The pairwise values of genetic differentiation (φPT) (Table 5) between populations from São Miguel island varied between 0.080 for population pair RQ–LQ and 0.236 for population pair TR–LG; for Pico island ranged from 0.000 for population pair ASR–CM to 0.068 for population pair SA–PD; and for Terceira island it was 0.138 (PB–SER). Between islands the highest value (0.339) was observed between populations CL from São Miguel and SA from Pico. The determined values of φPT among islands showed levels of genetic differentiation of 0.118 (Pico–Terceira), 0.131 (São Miguel–Terceira) and 0.128 (Pico–São Miguel). The UPGMA dendrogram obtained with φPT pairwise values (Fig. 2) grouped the populations into four main clusters, one corresponding to populations RQ, LG and CL all from São Miguel island, another containing one population from Terceira (PB) and a population from São Miguel (TR), a third one containing population SER from Terceira and a fourth one with all populations from Pico (CM, ASR, CD, SA and PD).
In the PCoA based on the matrix of individual genotypes, only 44.16 % of the total variance was explained by the first two axes (Axis 1 = 23.82 %; Axis 2 = 20.34 %) (Fig. 3) where most of the samples from Pico island cluster together on the left side of the plot reflected the genetic differentiation detected by φPT.
The coefficient of genetic differentiation between populations (GST) was 0.0940 and the level of gene flow (Nm) calculated based on GST was estimated to be 4.818, suggesting a high gene flow between P. azorica populations and islands. The number of migrants calculated as described by Frankham et al. (2002) showed higher values among populations from Pico than among populations from the other two islands. The lowest value obtained among populations from Pico (3.438) was higher than the highest value obtained in the remaining islands (2.859). The estimated number of migrants between São Miguel and Terceira was 1.656, between São Miguel and Pico was 1.705 and between Pico and Terceira was 1.874.
Insignificant correlation between the genetic distance of individuals and geographical distances (r2 = 0.047, P = 0.001) was shown by the Mantel test. For pairwise φPT and geographical distances a slightly positive correlation was obtained (r2 = 0.242, P = 0.005).

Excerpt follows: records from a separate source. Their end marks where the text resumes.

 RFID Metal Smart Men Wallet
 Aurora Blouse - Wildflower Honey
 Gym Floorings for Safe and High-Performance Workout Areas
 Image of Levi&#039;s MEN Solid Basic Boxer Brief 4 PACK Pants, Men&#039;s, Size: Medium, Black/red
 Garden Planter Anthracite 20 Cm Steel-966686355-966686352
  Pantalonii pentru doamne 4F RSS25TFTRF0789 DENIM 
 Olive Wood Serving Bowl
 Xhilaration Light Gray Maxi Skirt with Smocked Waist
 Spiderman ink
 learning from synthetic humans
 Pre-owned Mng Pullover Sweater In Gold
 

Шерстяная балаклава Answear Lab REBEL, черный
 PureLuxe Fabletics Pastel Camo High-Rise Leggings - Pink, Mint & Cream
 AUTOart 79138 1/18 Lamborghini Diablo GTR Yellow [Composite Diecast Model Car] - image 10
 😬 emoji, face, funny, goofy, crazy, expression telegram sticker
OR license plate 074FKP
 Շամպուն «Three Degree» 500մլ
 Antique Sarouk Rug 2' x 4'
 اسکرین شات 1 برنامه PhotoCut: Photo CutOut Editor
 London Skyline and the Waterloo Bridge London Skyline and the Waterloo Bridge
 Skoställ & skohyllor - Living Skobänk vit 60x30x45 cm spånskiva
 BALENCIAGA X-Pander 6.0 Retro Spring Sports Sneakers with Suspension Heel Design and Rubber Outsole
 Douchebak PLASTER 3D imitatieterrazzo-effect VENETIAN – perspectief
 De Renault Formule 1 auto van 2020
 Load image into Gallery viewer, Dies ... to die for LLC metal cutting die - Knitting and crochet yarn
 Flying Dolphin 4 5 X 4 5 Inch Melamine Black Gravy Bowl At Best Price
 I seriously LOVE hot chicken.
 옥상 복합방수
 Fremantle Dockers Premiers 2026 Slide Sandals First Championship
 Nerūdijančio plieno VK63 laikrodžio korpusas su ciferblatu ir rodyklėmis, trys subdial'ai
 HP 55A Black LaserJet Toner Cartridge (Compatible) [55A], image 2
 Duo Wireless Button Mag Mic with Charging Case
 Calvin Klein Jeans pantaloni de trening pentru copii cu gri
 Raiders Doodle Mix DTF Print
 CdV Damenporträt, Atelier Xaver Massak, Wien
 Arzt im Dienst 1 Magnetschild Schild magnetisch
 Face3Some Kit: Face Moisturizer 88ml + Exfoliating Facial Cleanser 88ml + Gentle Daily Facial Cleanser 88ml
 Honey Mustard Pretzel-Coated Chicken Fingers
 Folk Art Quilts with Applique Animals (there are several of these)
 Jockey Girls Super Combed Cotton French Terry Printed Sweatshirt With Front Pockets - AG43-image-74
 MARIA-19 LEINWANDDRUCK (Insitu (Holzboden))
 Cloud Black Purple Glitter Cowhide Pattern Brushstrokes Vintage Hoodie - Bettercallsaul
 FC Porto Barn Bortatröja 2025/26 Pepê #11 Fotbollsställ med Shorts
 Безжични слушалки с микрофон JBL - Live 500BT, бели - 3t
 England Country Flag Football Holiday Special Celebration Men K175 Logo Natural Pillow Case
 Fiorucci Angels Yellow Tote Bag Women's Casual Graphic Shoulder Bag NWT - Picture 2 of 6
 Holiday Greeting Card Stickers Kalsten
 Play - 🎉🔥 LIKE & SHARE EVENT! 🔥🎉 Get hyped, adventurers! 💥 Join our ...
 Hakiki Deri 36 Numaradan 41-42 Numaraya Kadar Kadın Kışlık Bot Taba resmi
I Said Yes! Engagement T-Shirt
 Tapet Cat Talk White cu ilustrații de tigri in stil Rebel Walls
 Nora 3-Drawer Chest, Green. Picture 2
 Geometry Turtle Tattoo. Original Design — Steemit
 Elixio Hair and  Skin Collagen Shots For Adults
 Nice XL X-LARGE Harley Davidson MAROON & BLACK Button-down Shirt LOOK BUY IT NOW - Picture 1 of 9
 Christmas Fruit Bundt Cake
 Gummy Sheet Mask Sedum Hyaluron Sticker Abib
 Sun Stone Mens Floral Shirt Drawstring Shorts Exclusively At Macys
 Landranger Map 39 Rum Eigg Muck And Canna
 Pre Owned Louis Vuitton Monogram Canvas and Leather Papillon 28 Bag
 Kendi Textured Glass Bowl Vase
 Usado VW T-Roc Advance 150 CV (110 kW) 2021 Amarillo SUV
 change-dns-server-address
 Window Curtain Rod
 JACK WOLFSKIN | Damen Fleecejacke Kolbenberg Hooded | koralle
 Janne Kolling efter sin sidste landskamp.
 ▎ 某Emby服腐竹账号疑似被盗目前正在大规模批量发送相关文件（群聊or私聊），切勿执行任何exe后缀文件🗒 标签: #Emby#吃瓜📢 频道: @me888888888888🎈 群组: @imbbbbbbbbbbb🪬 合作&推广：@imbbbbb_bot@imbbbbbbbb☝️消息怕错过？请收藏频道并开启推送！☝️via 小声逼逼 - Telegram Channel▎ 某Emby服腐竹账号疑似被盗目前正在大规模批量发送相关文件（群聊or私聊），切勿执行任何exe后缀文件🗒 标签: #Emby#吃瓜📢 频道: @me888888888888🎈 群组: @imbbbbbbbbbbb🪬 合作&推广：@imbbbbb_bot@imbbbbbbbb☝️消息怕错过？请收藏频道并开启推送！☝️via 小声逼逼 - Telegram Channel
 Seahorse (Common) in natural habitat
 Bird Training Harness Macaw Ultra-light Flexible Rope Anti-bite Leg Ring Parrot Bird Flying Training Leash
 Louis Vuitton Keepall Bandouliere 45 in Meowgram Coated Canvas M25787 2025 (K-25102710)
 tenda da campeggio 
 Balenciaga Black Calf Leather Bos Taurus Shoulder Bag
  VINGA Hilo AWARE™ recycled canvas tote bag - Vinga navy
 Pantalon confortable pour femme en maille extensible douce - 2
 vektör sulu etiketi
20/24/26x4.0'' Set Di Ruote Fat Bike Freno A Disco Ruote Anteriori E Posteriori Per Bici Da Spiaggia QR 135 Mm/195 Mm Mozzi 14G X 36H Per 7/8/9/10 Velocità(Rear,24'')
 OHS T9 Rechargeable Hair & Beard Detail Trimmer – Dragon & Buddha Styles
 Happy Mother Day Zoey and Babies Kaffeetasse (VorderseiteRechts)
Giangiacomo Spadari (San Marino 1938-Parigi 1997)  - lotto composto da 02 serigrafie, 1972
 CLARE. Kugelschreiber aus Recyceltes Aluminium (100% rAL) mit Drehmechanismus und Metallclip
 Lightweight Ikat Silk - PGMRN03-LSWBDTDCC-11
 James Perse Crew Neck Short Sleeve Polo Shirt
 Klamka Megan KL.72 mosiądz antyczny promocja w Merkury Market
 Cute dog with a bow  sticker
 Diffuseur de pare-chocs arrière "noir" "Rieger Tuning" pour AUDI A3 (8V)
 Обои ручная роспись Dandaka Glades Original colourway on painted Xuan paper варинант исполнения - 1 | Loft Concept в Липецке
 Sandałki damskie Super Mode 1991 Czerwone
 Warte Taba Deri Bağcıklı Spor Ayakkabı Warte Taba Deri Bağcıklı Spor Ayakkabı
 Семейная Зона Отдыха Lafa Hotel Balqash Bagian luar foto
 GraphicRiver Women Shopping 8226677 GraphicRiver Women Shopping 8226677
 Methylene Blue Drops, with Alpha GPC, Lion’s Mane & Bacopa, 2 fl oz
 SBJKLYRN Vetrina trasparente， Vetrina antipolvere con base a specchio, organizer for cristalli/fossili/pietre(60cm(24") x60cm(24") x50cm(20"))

The Bayesian analysis carried out in STRUCTURE for all populations demonstrated that there were no predominant genetic clusters. Average mean values of ln P(K) did not show any substantial increases when K varied from 1 to 14 [see Supporting Information]. Similar results were obtained when the analysis was performed separately for each island.
According to the genetic differentiation φPT value (0.17), the conservation of six populations is the minimum necessary in order to preserve 99.99 % of the total diversity of the 11 analysed populations.
Discussion
Inter-simple sequence repeat markers have been used in population genetic studies of plant species as they effectively detect very low levels of genetic variation (Zietkiewicz et al. 1994). They are also potentially useful for analysing biogeographical patterns among populations within species (Bussell et al. 2004). With these purposes eight ISSR markers were successfully used to study the Azorean endemic plant species P. azorica, using 230 samples collected on populations across the Azorean islands of São Miguel, Terceira and Pico so as to provide knowledge of the levels and distribution of genetic diversity within these islands to help in designing conservation strategies for this endemic species.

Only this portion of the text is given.